Taking a risk

For most of my life I was decidedly risk averse. I looked for certainty and security, but I was frightened that if I took the wrong decision it would backfire and terrible things would happen. I was moribund by fear. Lately I have discovered that if you never take a risk then life may well pass you by. Opportunities will fall in the lap of others and you will be left wondering; What if?

I was just 21 when I married my childhood sweetheart. It was what was expected since we had already been together for 5 years. I had an inkling that this wasn’t going to be the best choice, but how do you get out of such a thing when everyone is in full preparation mode. I’m not saying we weren’t happy, because we were, for a while. But in hindsight it set me up for what was to come.

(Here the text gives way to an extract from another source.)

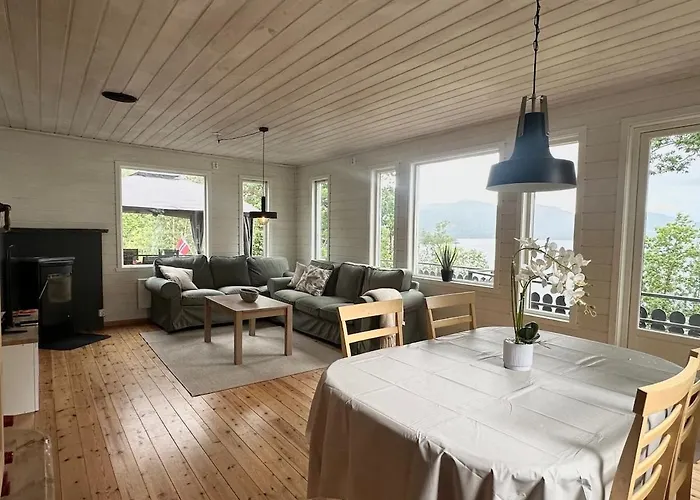 Ferienhaus Look At View! 3 Bedroom House Overlooking Hardangerfjorden *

We waited to have children firstly because we were young and I was starting my nursing career. But mainly we wanted to be more financially stable. We only had one child because the level of financial stability required never actually happened. Plus, I didn’t trust my husband by then since he had already had an affair.

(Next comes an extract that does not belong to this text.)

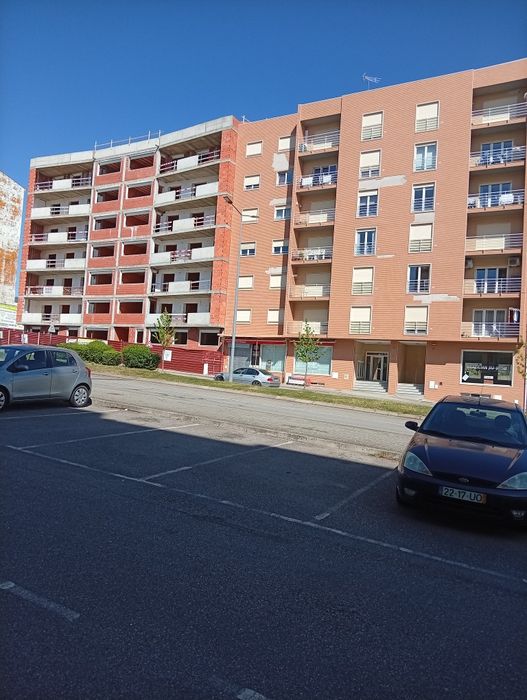 Empreendimento,em fase de Construção.T1 no 5 Piso.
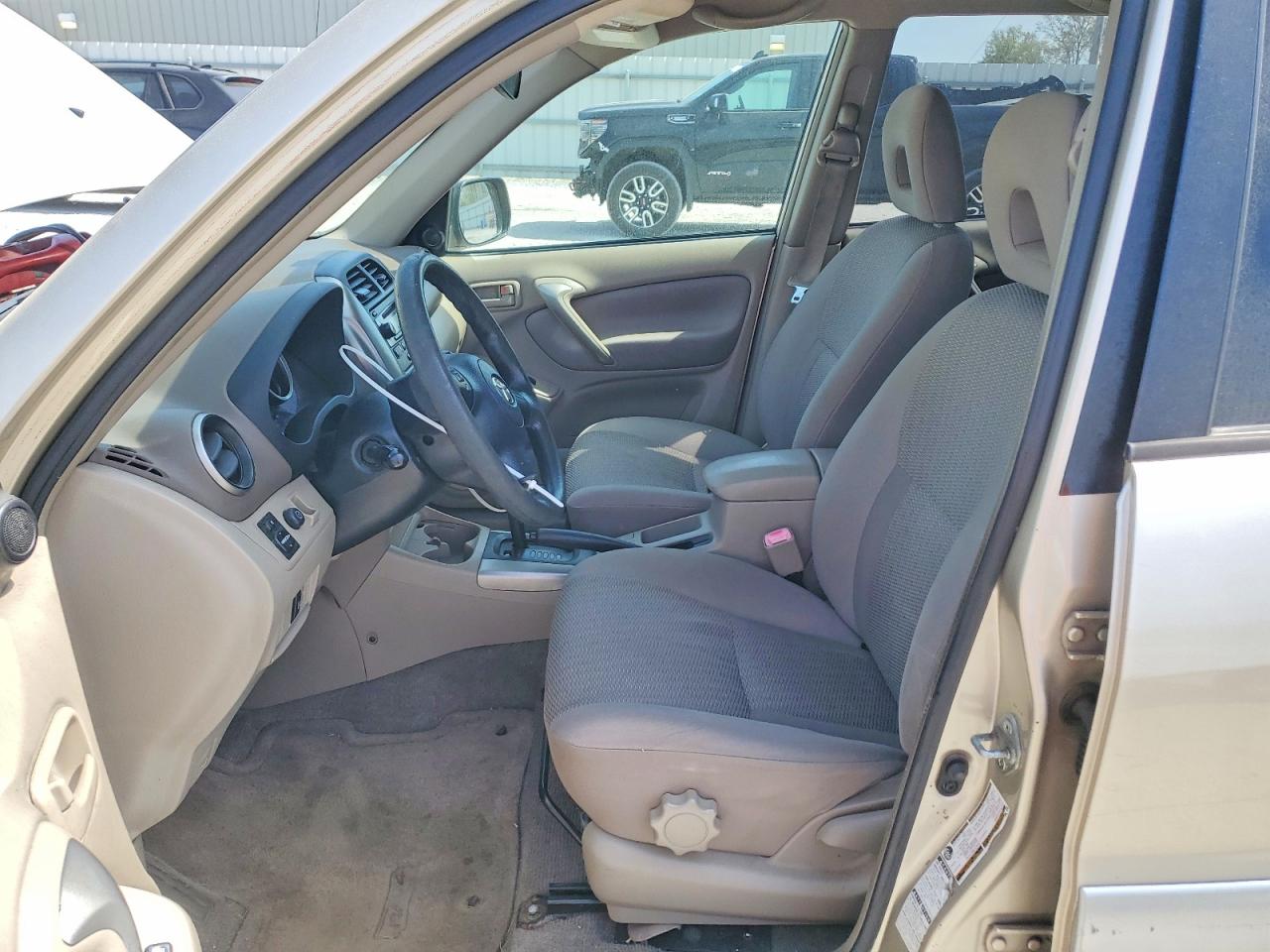 2005 TOYOTA RAV4 BASE photo 7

Speaking of which, I didn’t throw him out when he had the affair since I was frightened of being alone. Worried about what others would think or say.

I stayed in jobs longer than I should. While ambitious, staying in a safe job appealed more than applying for something that I might fail at.

I look back and wonder why I behaved as I did. Why it was I never took a risk, until the day I did.

Taking that first risk was a catalyst

In 2012 I decided to have sex with a man who wasn’t my husband. Having found someone online that I was attracted to, I went off and had sex with him. Actually there had been a few occasions before that. I had met up with a couple of men I’d met online for lunches, days out and a bit of a snog and grope. But when I went off to meet S in south London on that day in 2012, I went with the intention of having sex. He was the second man I had had PIV sex with in my life. He was also the first man I had anal with and the first man I had knelt before.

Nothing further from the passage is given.